En este apartado se incluye un documento poco conocido de la vida en la colimba: una serie de treinta dibujos realizados con tinta y acuarela por un tal Benedit que retratan diferentes momentos de su experiencia personal mientras hacía el servicio militar obligatorio en la década del cincuenta. Tal como señala Aguilar «la frase de uno de los dibujos: ‘Soy un negro culo roto cazado a bolsazos’ aglutina los maltratos raciales, sexuales y de clase. El ‘culo roto’, al que hace referencia Benedit, es el verdadero monstruo fantasmal de la institución: aquello que no hay que dejar entrar pero se sueña en secreto».
El libro se complementa con la marginalia 11 -luego del epílogo- que ensaya un museo de la masculinidad (quizás ahora que la masculinidad hegemónica esta en proceso de extinción). Entre otros objetos, el museo incluiria un video de Carlos Gardel con audios de «Tomo y obligo»; fotos de actores caracterizados como James Bond; fotos de Arnold Scharzenegger; publicidades de Charles Atlas con el slogan: «¡Nadie nació para ser un alfeñique!»; vitrinas de revistas Playboy, Hustler, Hombre, El Gráfico; fotos de Monzón y Juan Darthes; la tapa de la revista Humor tras la visita a Argentina de los Village People en 1980 con el anuncio «A los Village People los corrieron de atrás…
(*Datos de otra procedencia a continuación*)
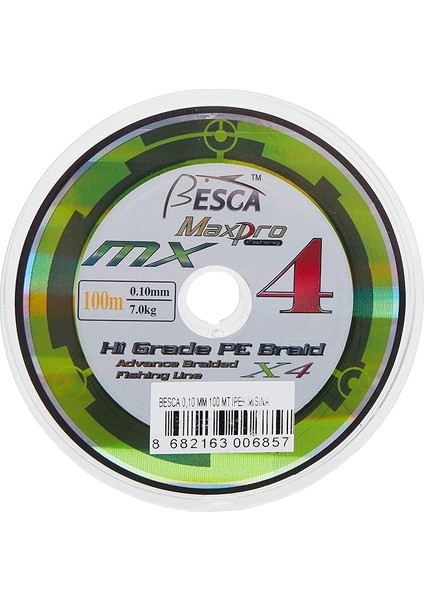 Sea Horse 011575 0,10 mm 100 mt Ipek Mi̇si̇na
Todos los materiales se ponen pedagógicamente al servicio de cuestionar y analizar críticamente la nociva masculinidad hegemónica, de poner en tela de juicio los mandatos, iniciativas y poder disponible propios de esa masculinidad. Aguilar compone una melodía en prosa, un texto rebelde que, a la par que da cuenta del placer de la escritura, se instituye en manifiesto político de estos tiempos.